Book Review:

The Rising

by James Doohan and SM Stirling

Reviewed by Russ Lockwood


Published by Starline, 1996,
paperback, $6.99 ISBN 0-671-87849-2
377 pages

If Captain Kirk, er, I mean, William Shatner, can get someone to ghostwrite the Tek series, then why can't Scotty, I mean, James Doohan, get a writer to write his book? And the answer is, he can.

Now, I don't know exactly how much of The Rising (Book 1 of The Flight Engineer Series) is Doohan and what part is Stirling, but I do know that Starline (Baen) shamelessly promotes Doohan--putting his name right there up on top along with the tagline "Beam us up, 'Scotty'!" And if that wasn't enough, there's his face plastered above an exploding ship, obviously with an appropriate look of mortification because his ship finally did blow. And if that wasn't enough, there's even a quote about Trekkies on the front cover.

Yet this is NOT a Star Trek ™ novel. The Rising follows starfighter ace Peter Raeder and his new assignment about a light carrier--as the flight engineer in charge of 500 crewmen and women. You see, in the war against "the Mollies," a fanatical religious group that seems as powerfully armed as Raeder's "Commonwealth," he was blown out of a starfighter, losing his hand in the process.

No hand, no fly (take that Luke Skywalker!), which makes sense since his prosthetic hand lacks the sensitivity of a real hand--a string of broken glasses shows that plain enough. In any case, this new light carrier, the Invincible, seems beset by mysterious problems, including the death of its flight engineer. Accidents, or sabotage? It all points to the second flight engineer in command, Cynthia Robbins, but it is up to Raeder to figure it out.

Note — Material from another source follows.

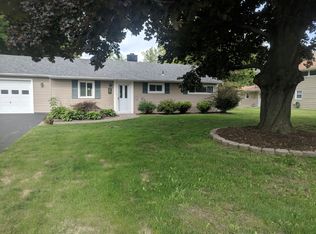 761 Bay Rd, Webster, NY 14580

The character is likeable enough, with plenty of introspective commentary about people, places, and procedures, as he manages his engineering department and becomes amateur sleuth. Of course, he's a hands-on hero, risking life and limb for the Commonwealth with ad-hoc solutions.

It is all quite interesting and entertaining, and the book is a fast read. The action is intense, the attitudes appropriate, and the characters come across as believeable and smart. The background is a bit muddled, and some aliens are now allies of the Mollies, a bother considering the point of view shifts from Raeder back to an omnicient viewpoint and back again.